EXERCISE INSTRUCTIONS: An exact copy of all the data, minus the images, is required.

COLLECTED MATERIAL:
[Start of Attachment]
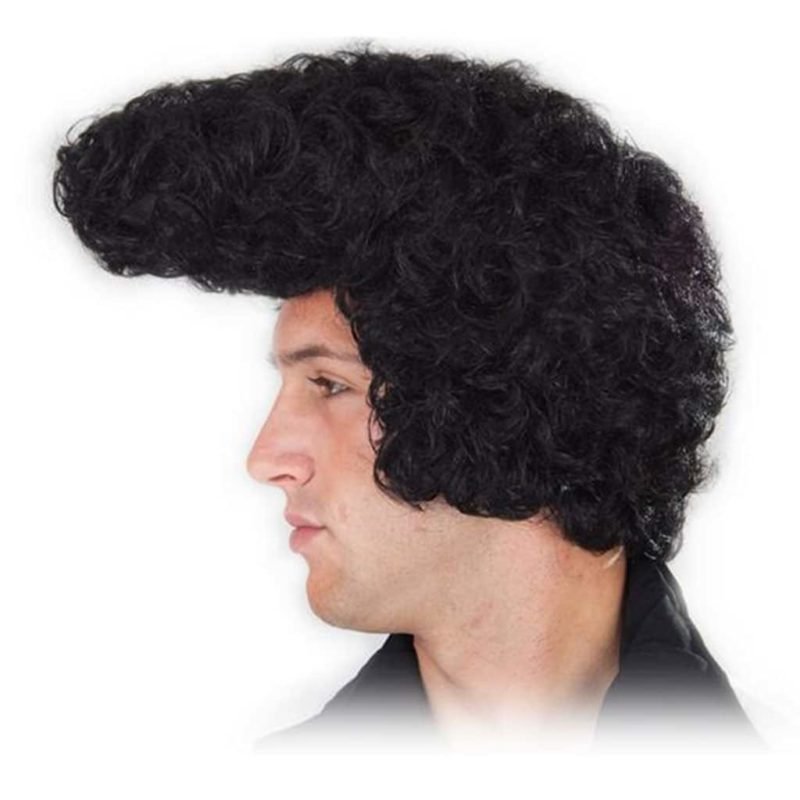 Parrucca Maxi Ciuffo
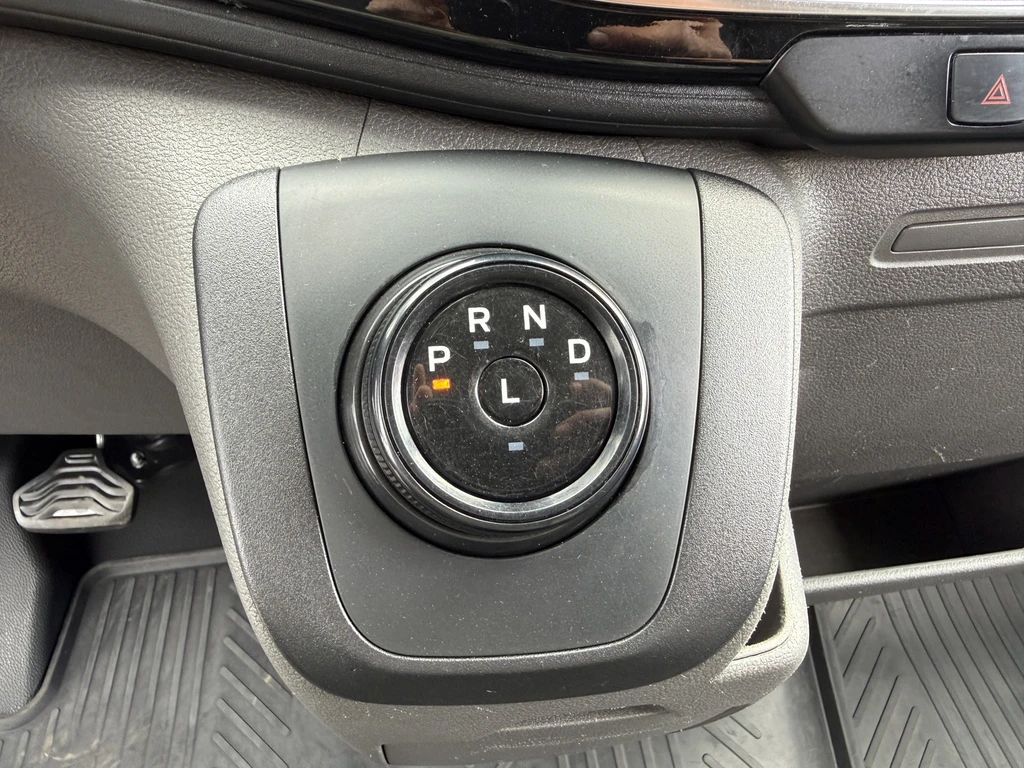Ford E-Transit – foto 25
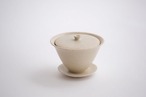 吉田香楠子 Kanako Yoshida - 蓋碗 lidded cup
[End of Attachment]
REPLY TO THE TASK:
 Parrucca Maxi Ciuffo
Ford E-Transit – foto 25
 吉田香楠子 Kanako Yoshida - 蓋碗 lidded cup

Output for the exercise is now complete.